Tuesday, July 5, 2011

"Over".

I said to one of my favourite students
when her oral exam had finished
and her relief was almost palpable in the air:
“The awful lot is over now, over”.
Sensing in a flash how immediate
the “over” is when we finally get to it,
absolutely an ineluctable end of the track
with no going back.

3 comments:

Gordon Mason said...

So much power in one word.

Jim Murdoch said...

I particularly enjoyed the use of the word "ineluctable" here, one of those 'big' words we feel we need to pause a second before saying just in case we mispronounce it but exactly the kind of word a teacher or professor might be prone to use.

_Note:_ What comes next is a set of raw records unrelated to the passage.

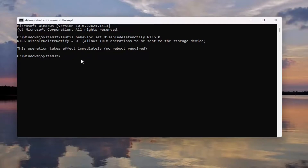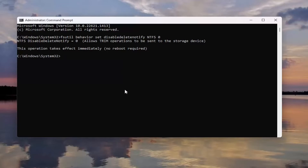If you want to disable it, there's a command right under that one in the description. The only difference between the two commands is a 0 at the end, which enables trim, versus a 1, which disables it. So if you type the exact same command with a 1, you would be disabling it. The same logic holds true for the REFS file system as well — except instead of saying NTFS, it says REFS.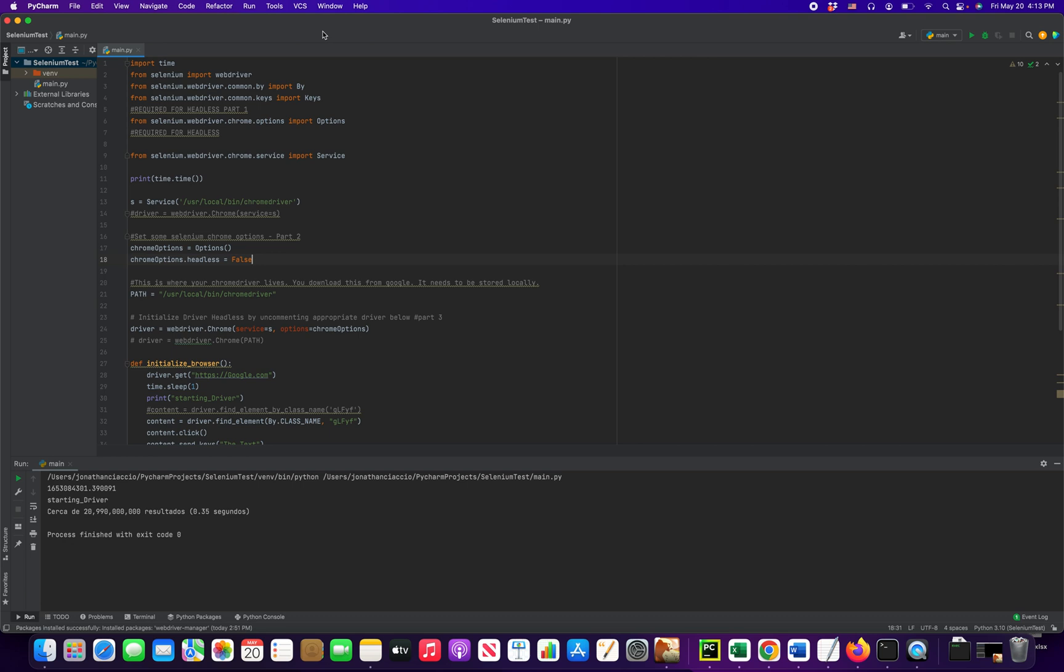And by running this in headless mode, it's just going to execute the task in the background. No new window is going to pop up. And it's really convenient if you're running something on a timer, on a machine that you're using, and you don't want to distract yourself or take away from what you're doing.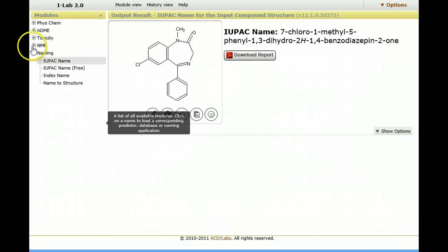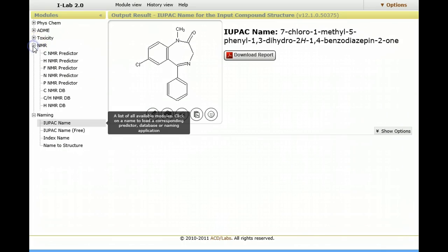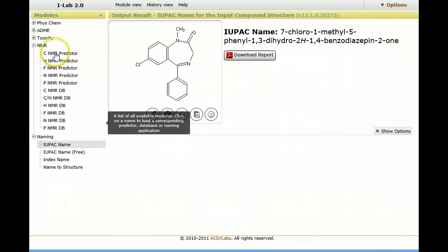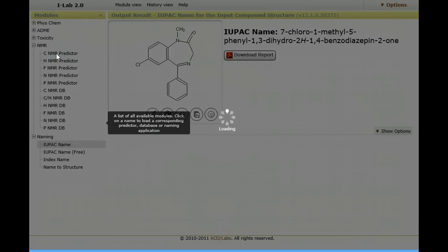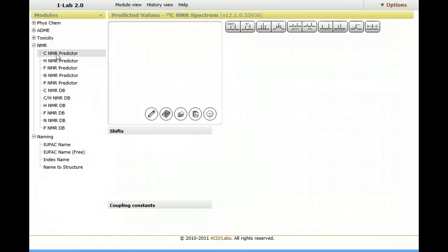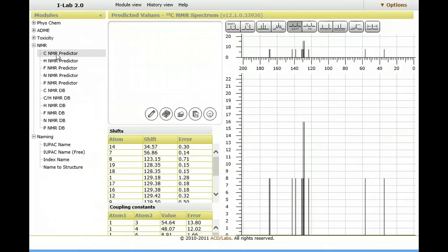However, next I may be interested in predicting an NMR spectrum. So in this case, I open the NMR modules, I calculate the carbon NMR spectrum, using algorithms that have been reported in a number of peer-reviewed publications. It's a well-proven software platform.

Tommaso Gervasutti said...

Thank you very much Gordon and Jim.

Jim, it's almost impossible to well explain the Italian final exam's horizon, they are for me hard days, I can do very little for the students and I must deal essentially with colleagues, sitting at a long table with them for at least five hours every morning and listening to their questions ( about subjects like Maths I know nothing about -or Philosophy and Physics- and I am not interested in ) waiting for my turn, five minutes or so every hour. Infinite boredom. Probably the adjective "ineluctable" was born as a feeling in this ill- fated "milieu".
I have always felt an irony what these exams to eighteen year old students have been called for years in Italian: Esami di Maturità. Maturity Exams. I would call them, from the teachers' and students' point of view, Endurance Exams! Fifty minutes to one hour for each student! On six subjects, one after the other with also a change of language at a point! Schizofrenia. Pure nonsense. But it's the law.